Work request – The answer must be the lines from the one that holds "DURI TERLINDUNG-Nike ardila" through the final line of the data, copied exactly, with no pictures.

Data items
----

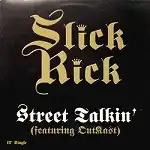 SLICK RICK / STREET TALKIN'Υʥ쥳ɥ㥱å ()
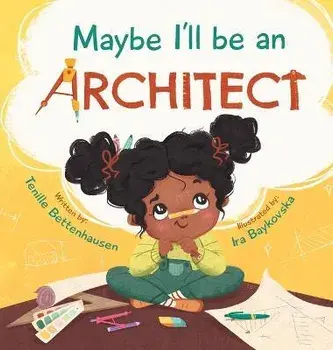 Maybe I'll Be an Architect, Hardcover/Tenille Bettenhausen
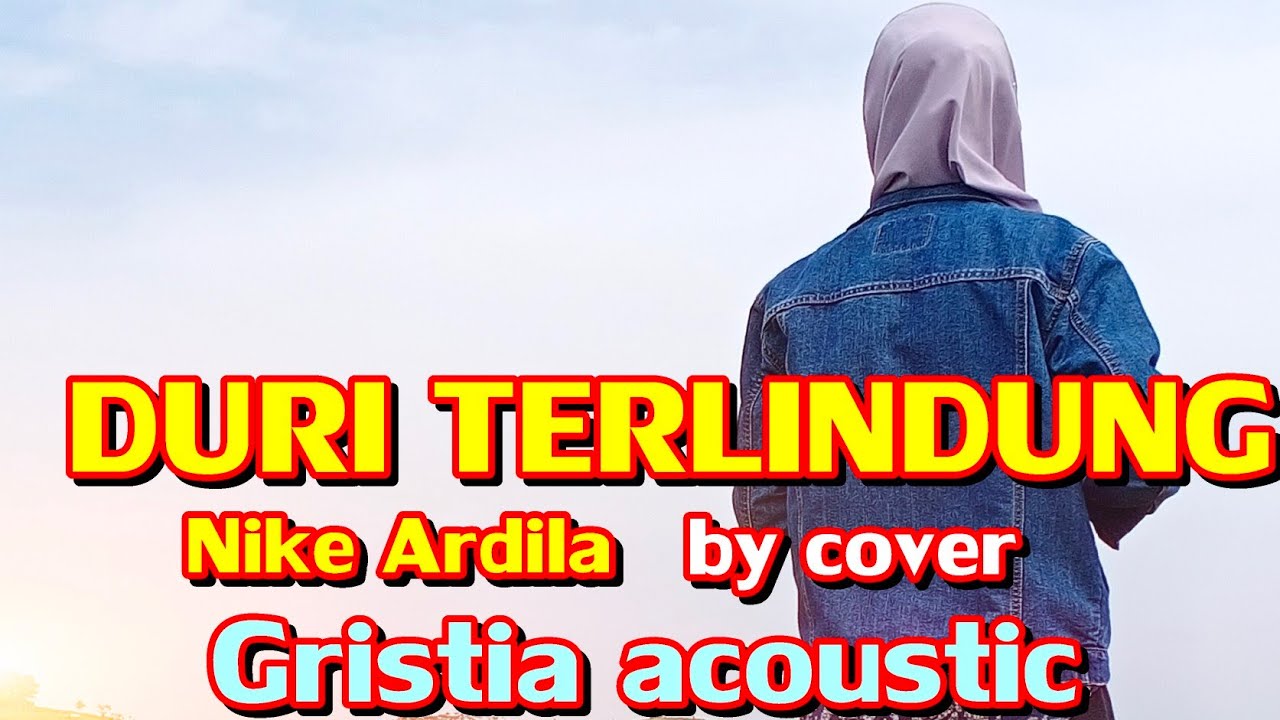 DURI TERLINDUNG-Nike ardila karaoke by GRISTIA ACOUSTIC - YouTube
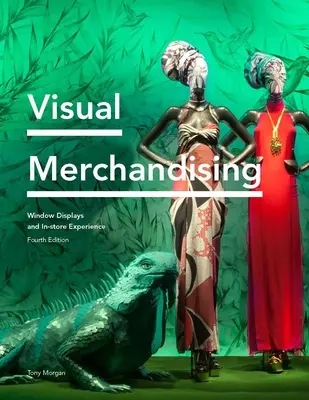 Visual Merchandising: Vitrine și experiențe în magazin - Visual Merchandising: Window Displays and In-Store Experience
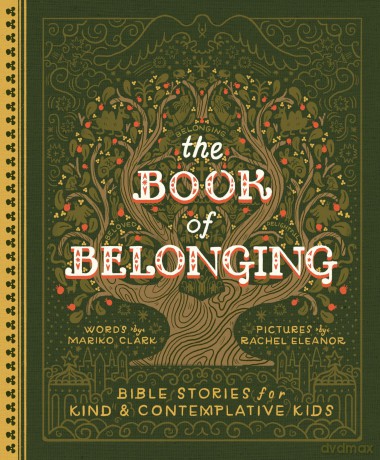 The Book of Belonging: Bible Stories for Kind and Contemplative Kids [KSIĄŻKA]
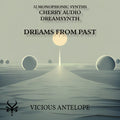 Dreams from Past preset pack cover artwork for Cherry Audio – Vicious Antelope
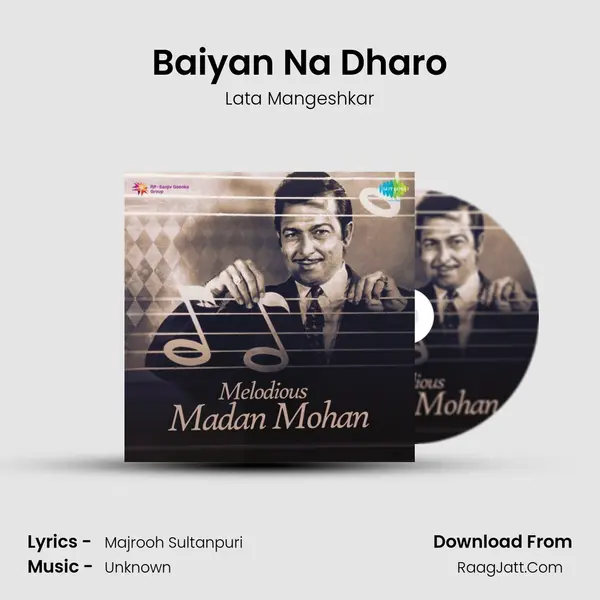Baiyan Na Dharo MP3 Song by Lata Mangeshkar Cover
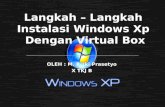 Langkah - Langkah Instalasi Windows XP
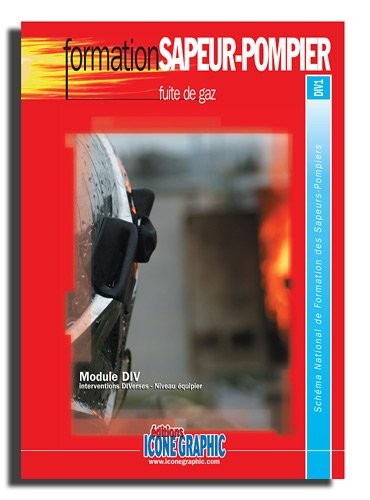 Fascicule : Formation Sapeur-Pompier Fuite de gaz - DIV1-5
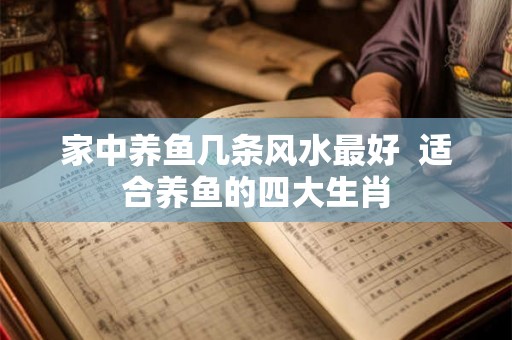 家中养鱼几条风水最好  适合养鱼的四大生肖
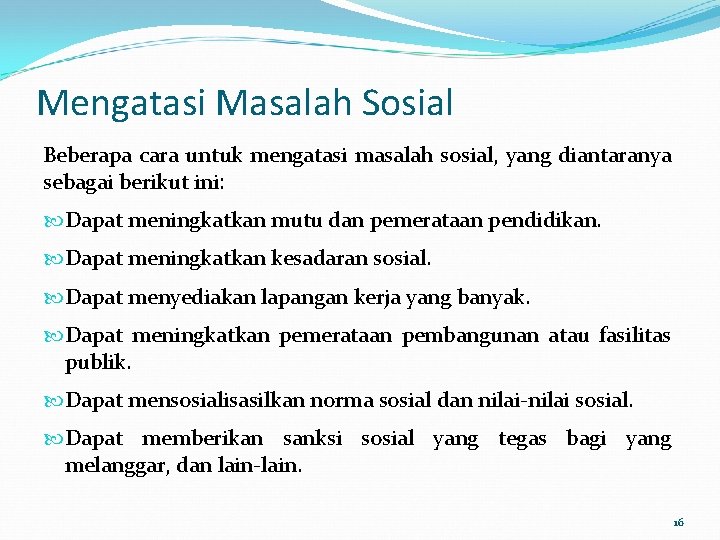 V Masalah Sosial V Perubahan Sosial 1 Masalah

----

Answer area –
 DURI TERLINDUNG-Nike ardila karaoke by GRISTIA ACOUSTIC - YouTube
 Visual Merchandising: Vitrine și experiențe în magazin - Visual Merchandising: Window Displays and In-Store Experience
 The Book of Belonging: Bible Stories for Kind and Contemplative Kids [KSIĄŻKA]
 Dreams from Past preset pack cover artwork for Cherry Audio – Vicious Antelope
Baiyan Na Dharo MP3 Song by Lata Mangeshkar Cover
 Langkah - Langkah Instalasi Windows XP
 Fascicule : Formation Sapeur-Pompier Fuite de gaz - DIV1-5
 家中养鱼几条风水最好  适合养鱼的四大生肖
 V Masalah Sosial V Perubahan Sosial 1 Masalah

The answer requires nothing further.